Ability to Request Lower Level or Surplus Interconnection Service

An interconnection customer can sometimes benefit from a level of interconnection service that is below its proposed full generation capacity by avoiding construction of certain network upgrades. FERC proposes to allow an interconnection customer to request such lower level interconnection service, as long as the interconnection agreement specifies the appropriate facilities required to prevent the interconnection customer from exceeding the level of service.

Similarly, FERC is proposing (1) to adopt a provisional agreement process whereby new interconnection customers could interconnect, with limited operation, using interconnection service shown to be available by prior studies while the interconnection customer’s studies are completed, and (2) to provide an expedited process for interconnection customers to utilize or transfer surplus interconnection service at existing generating facilities.

Other Proposed Changes

FERC is proposing that transmission providers establish a procedure to assess whether technological changes to an interconnection customer’s facilities will be considered a material modification requiring new studies.
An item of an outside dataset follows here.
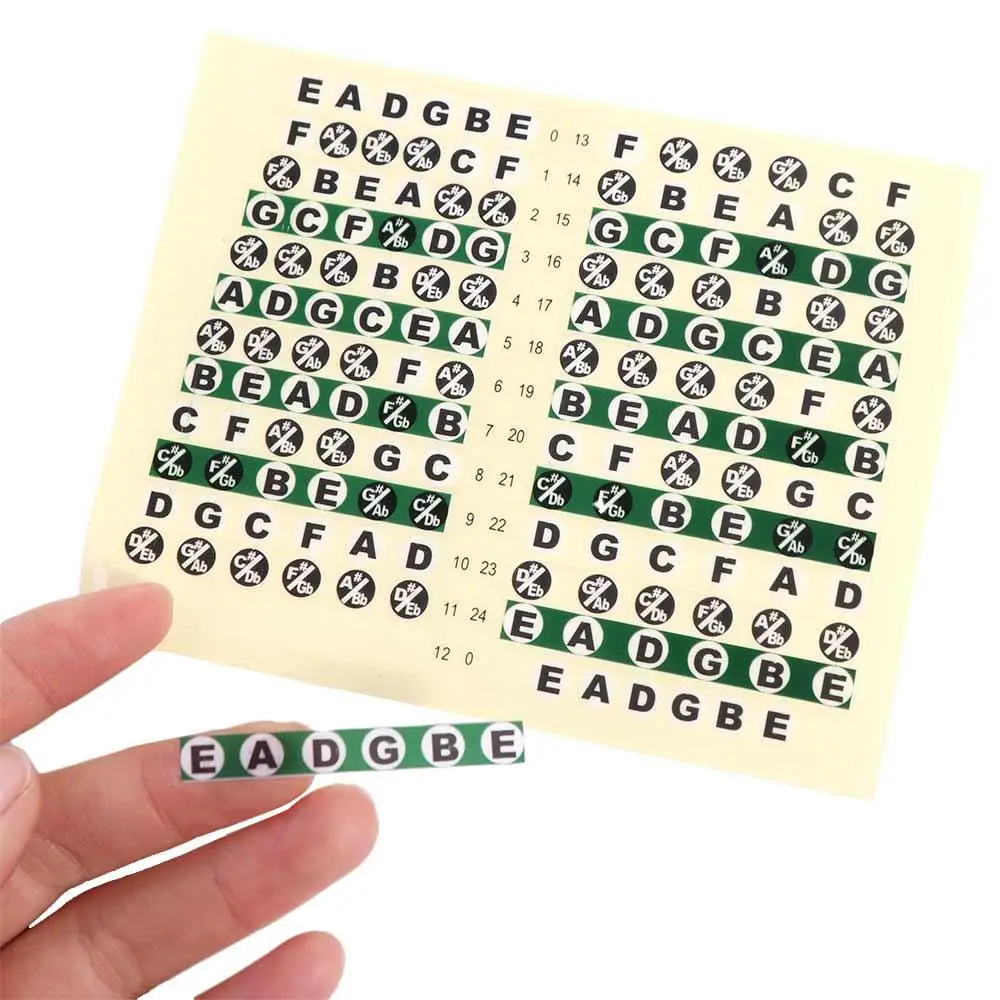 Mejore sus habilidades musicales con este gráfico de referencia clave integral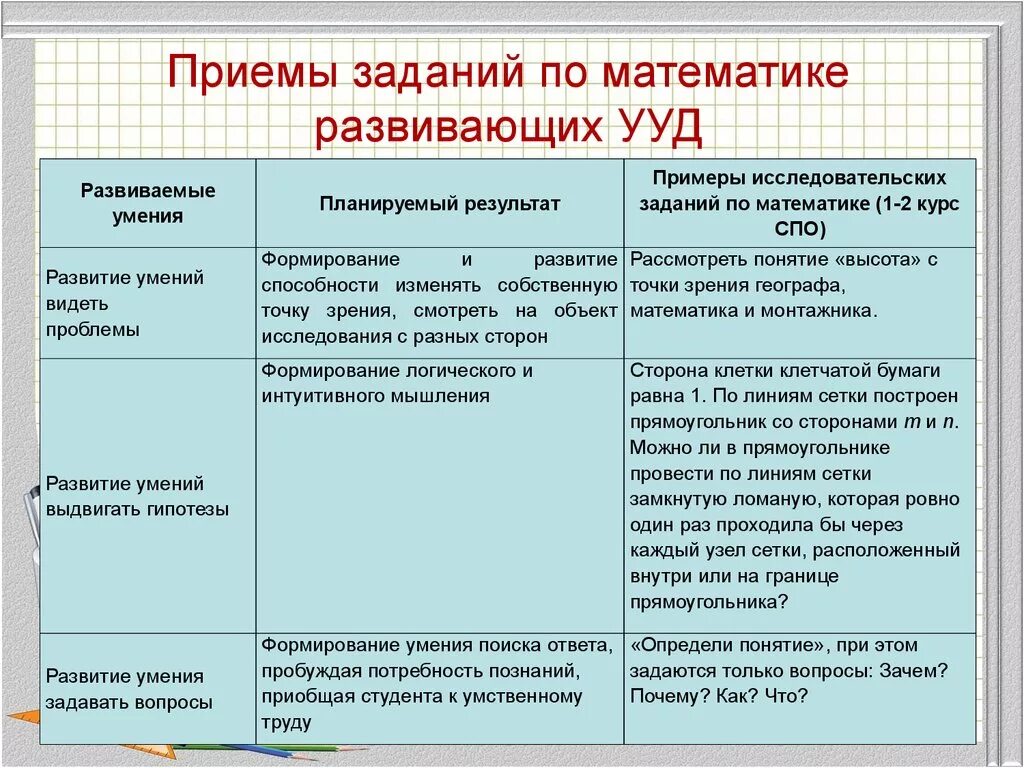 Познавательные УУД задания. Познавательные УУД В математике. Познавательные УУД В начальной школе примеры. Сформированность познавательных учебных действий.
Finally, FERC is proposing to require transmission providers to review the modeling methods they use for interconnection of electric storage resources and to report whether existing practices are sufficient to account for operating characteristics of electric storage resources.

What This Means to You

Generators: The proposed changes could help reduce interconnection-related costs and delays, while streamlining and accelerating the interconnection process. The proposed changes could also introduce flexibility in addressing project design changes that often occur as a generation development evolves parallel to interconnection studies. The NOPR may also afford developers greater ability to anticipate likely interconnection terms and facilities earlier in the development timeline. Finally, these changes could provide developers with greater standardization, impartiality and a stronger voice in the interconnection process.

Transmission Providers: FERC’s proposed reforms will place significant burdens on transmission providers and transmission owners in revising existing interconnection procedures and practices. Transmission providers will be required to submit compliance filings within 90 days, a very short time given the extent of the proposed changes. Ultimately, if approved, the proposed new procedures can provide efficiencies in the interconnection process and potentially free up resources of transmission providers and transmission owners. Elimination of the transmission owner’s option to self-fund network upgrades may have a significant impact on some transmission owner’s revenues.

Opportunity to Comment

Comments on the NOPR are due 60 days after publication in the Federal Register (likely around the middle of February) in Docket No. RM17-8-000. Although the vast majority of the NOPR’s revisions specifically apply to the large generator interconnection process, FERC indicated that it will consider applying the revisions to the small generator interconnection process. It requested comments on whether it should apply any of the NOPR’s reforms to the pro forma Small Generator Interconnection Procedures (SGIP) and Small Generator Interconnection Agreement (SGIA).